O paradigma da sustentabilidade

De um lado pretendia superar os efeitos ecológicos diferentes do antimodelo modernizador “progressista”. De outro, fez sentirmo-nos mais humildes aos humanos, como dependentes de um ambiente mais amplo, na «Casa Grande» em que todos nós vivemos.

Este paradigma foi enfocado a partir de duas perspectivas: a primeira enfatiza que nós humanos não poderemos subsistir se não cuidarmos da nossa casa grande, o nosso habitat. A partir das ciências sociais procura prever as necessidades das novas gerações, como assegurar a sustentabilidade futura da nossa raça humana.

Esta era a mensagem central da célebre Comissão Brundtlandt de 1978. Já procurava o equilíbrio nos intercâmbios entre as sociedades e os seus ambientes naturais, com o que tornava ainda mais integral e interdisciplinar a aproximação ao desenvolvimento. Mas continuava percebendo tudo isto a partir da necessidade de sobrevivência dos seres humanos. Não deixava de ser uma perspectiva antropocêntrica: se nos descuidarmos a humanidade desaparecerá.

Pelo contrário, a outra perspectiva, surgida especialmente das ciências naturais, firma-se sobretudo na sobrevivência mesma dos sistemas biofísicos e ecológicos: a Terra morre. Isto é ainda mais global e radical do que o desaparecimento da raça humana. Mais ainda, aí discutimos, cada vez com maior clareza, que a própria humanidade é como o vírus que acelera o desaparecimento da própria terra, por exemplo, por seu desflorestamento sem controle e sua grave incidência como fator do aquecimento global, cabalmente através do que se chama o antimodelo do desenvolvimento.

Ambas as perspectivas são, na realidade, complementares, e ambas ressaltam, cada uma a partir da sua versão, a necessidade de ter um enfoque global, e que as nossas necessidades de convivência não são só entre nós, humanos, mas também entre nós e o resto da natureza.

Aproxima-se assim, novamente, ao que, desde o princípio, enfatizou a visão do Bem Conviver, por ser algo muito repetido por praticamente todos os povos indígenas do continente e do mundo.

O reencontro com o Bem Conviver

O sonho do Bem Conviver e estes paradigmas alternativos compartilham, ainda que parcialmente, a sua repulsa ao antimodelo dominante. Esses paradigmas alternativos trazem mais detalhes operativos. Mas o Bem Conviver reveste todo o conjunto de uma espécie de espiritualidade e de utopia.

Vem expressa por sua insistência em viver «bem» em vez de «melhor», o que implica solidariedade entre todos, práticas de reciprocidade e o desejo de conseguir a restauração dos equilíbrios. Em quechua perdoar se diz pampachay, aplanar, o que pregava também João Batista.

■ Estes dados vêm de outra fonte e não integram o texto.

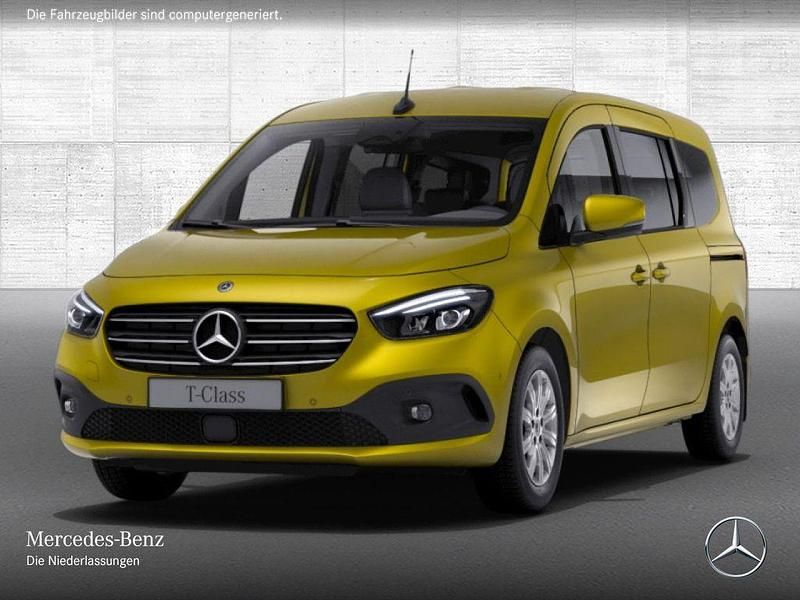 Gebraucht Mercedes T180 Progressive 131 PS (96 kW) 2024 Gelb Van / Kleinbus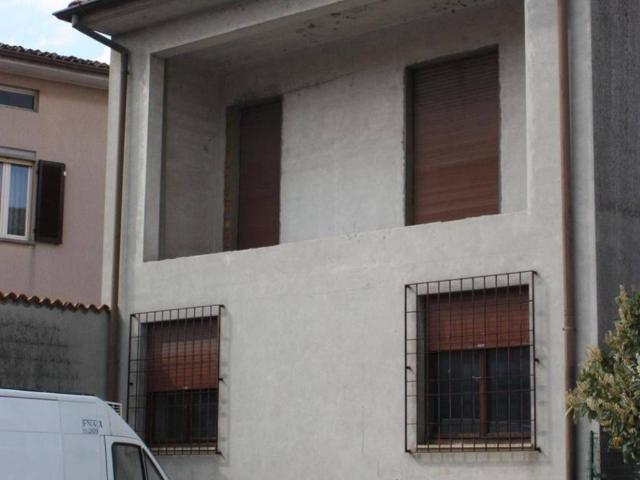 Casa indipendente in vendita a Acquanegra Cremonese CR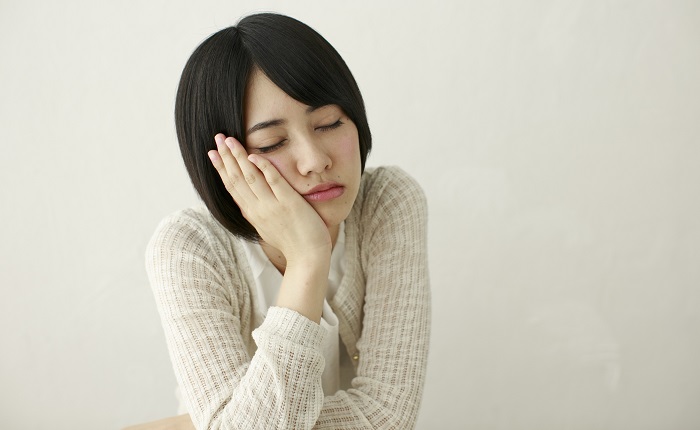 【画像】授業中に寝たGカップ女教師、生徒に盗撮されてしまうwww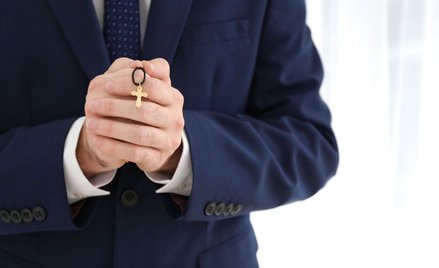 Poglądy polityczne i przekonania religijne źródłem konfliktów w firmie - obowiązki pracodawcy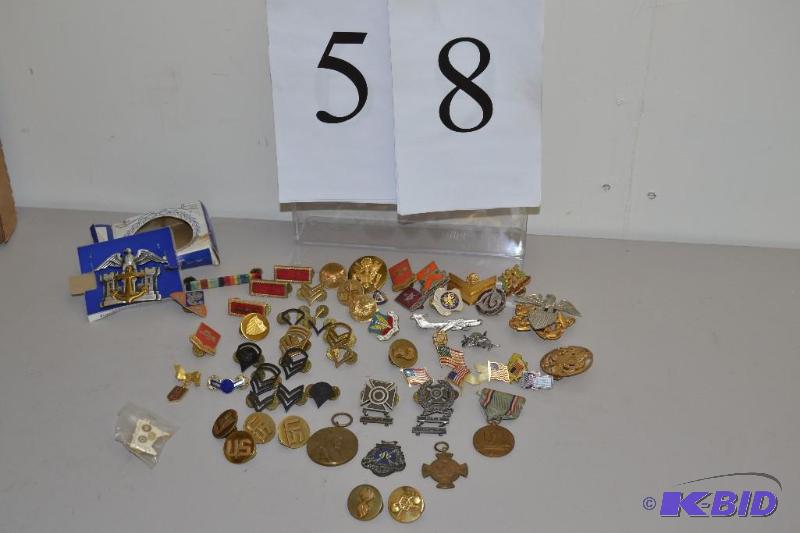 lot 58 image: Assorted pins - some military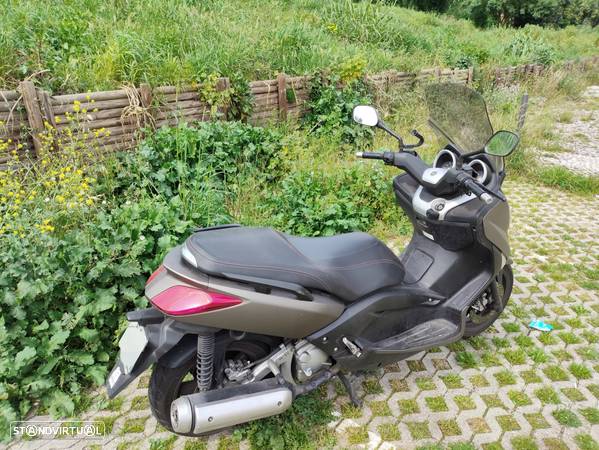 Yamaha X-Max - 3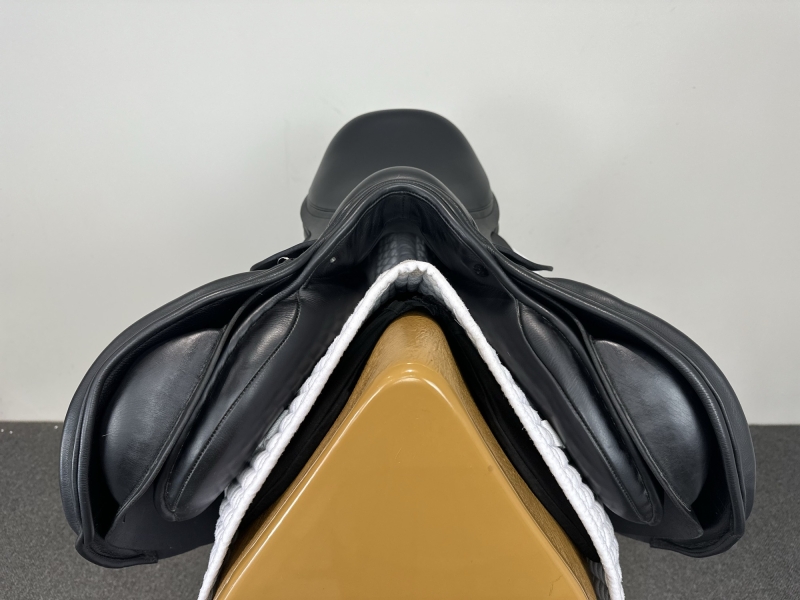 17.5 inch Loxley Foxhunter Black Medium Wide - Image 6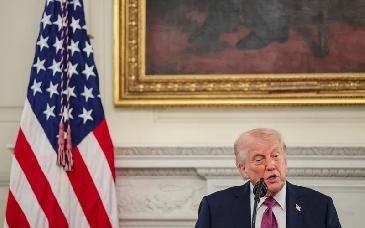 Trump afirma que Irán está en “colapso”, sin confirmación oficial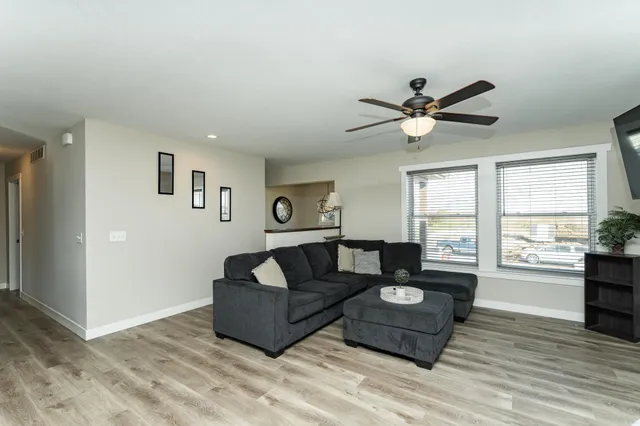 $389,900 | 615 7th Avenue Northeast, Plainview, MN 55964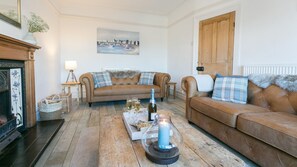 TV, fireplace - Bryn Teg - sleeps 10 guests in 5 bedrooms (Cemaes Bay)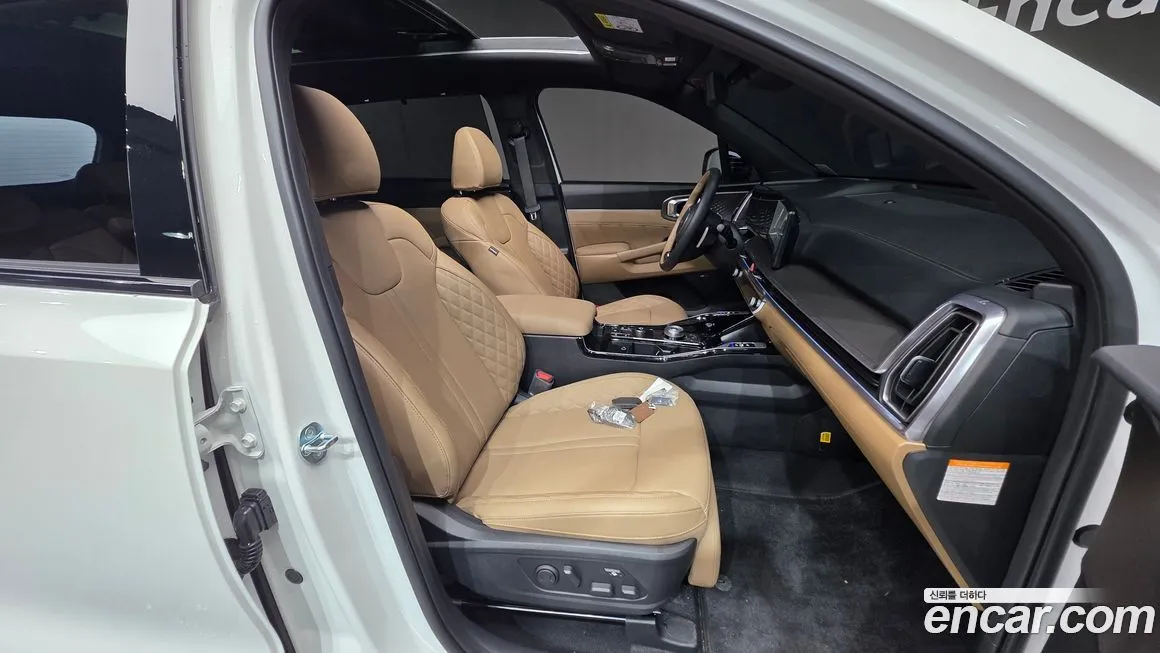 Kia Sorento — фото 10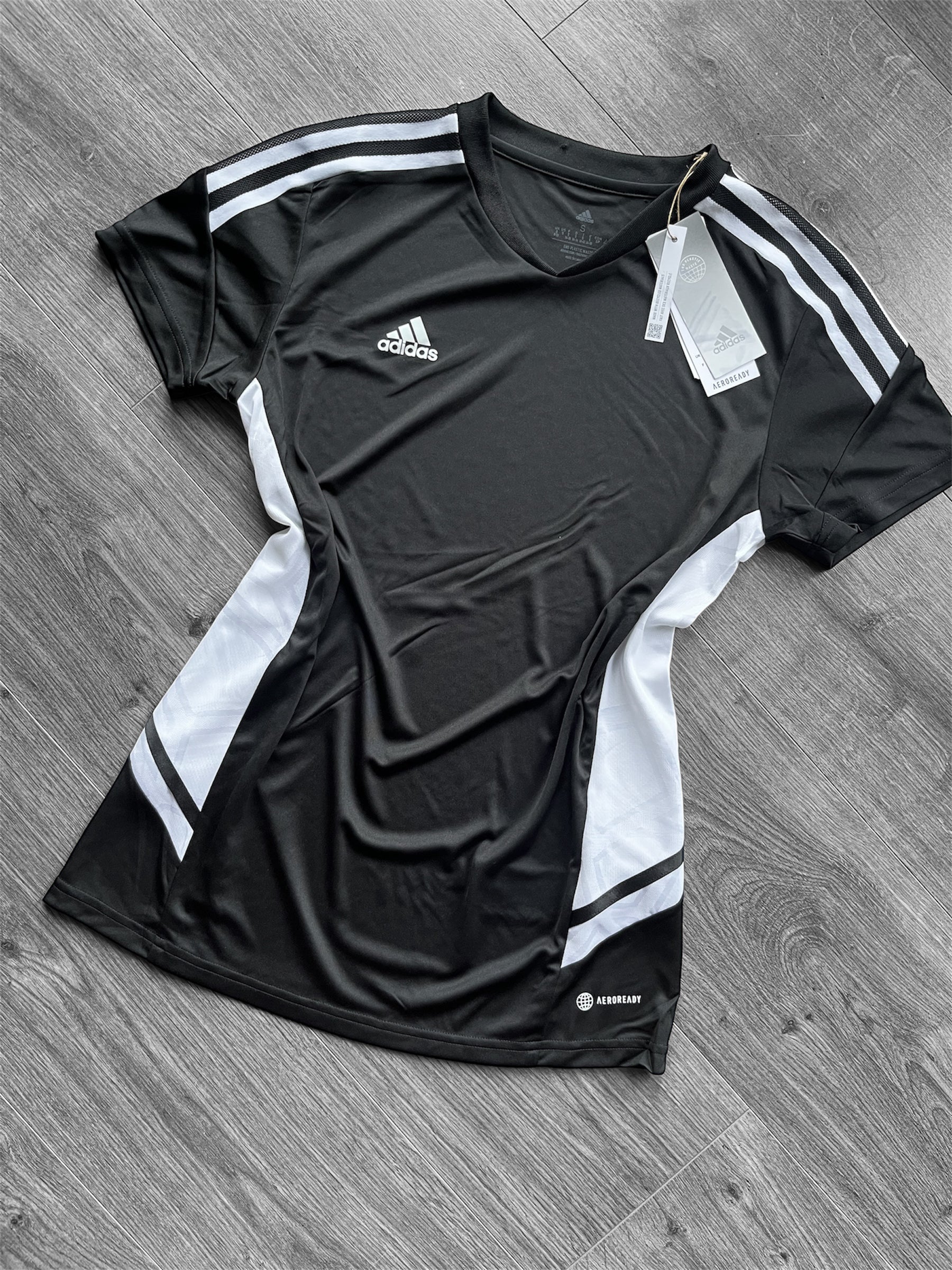 Remera Adidas basic sport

Implica também viver com o necessário, mas com sobriedade, sem ganância de acumular nem amontoar. Em aymara o rico se chama gamiri, aquele que, tendo, sabe compartilhar; e o seu oposto, o pobre, é – em aymara e quéchua – o wajcha, literalmente, o órfão (ainda que já seja um velho), por não ter com quem compartilhar.

Tudo isto se envolve em uma auréola de sacralidade cósmica. Somos parte de uma Natureza tão viva como nós, maternal. O que, no fervor modernista, desprezava-se como o animismo irracional dos povos primitivos; com esses novos enfoques volta, de alguma maneira, a ser muito mais respeitado.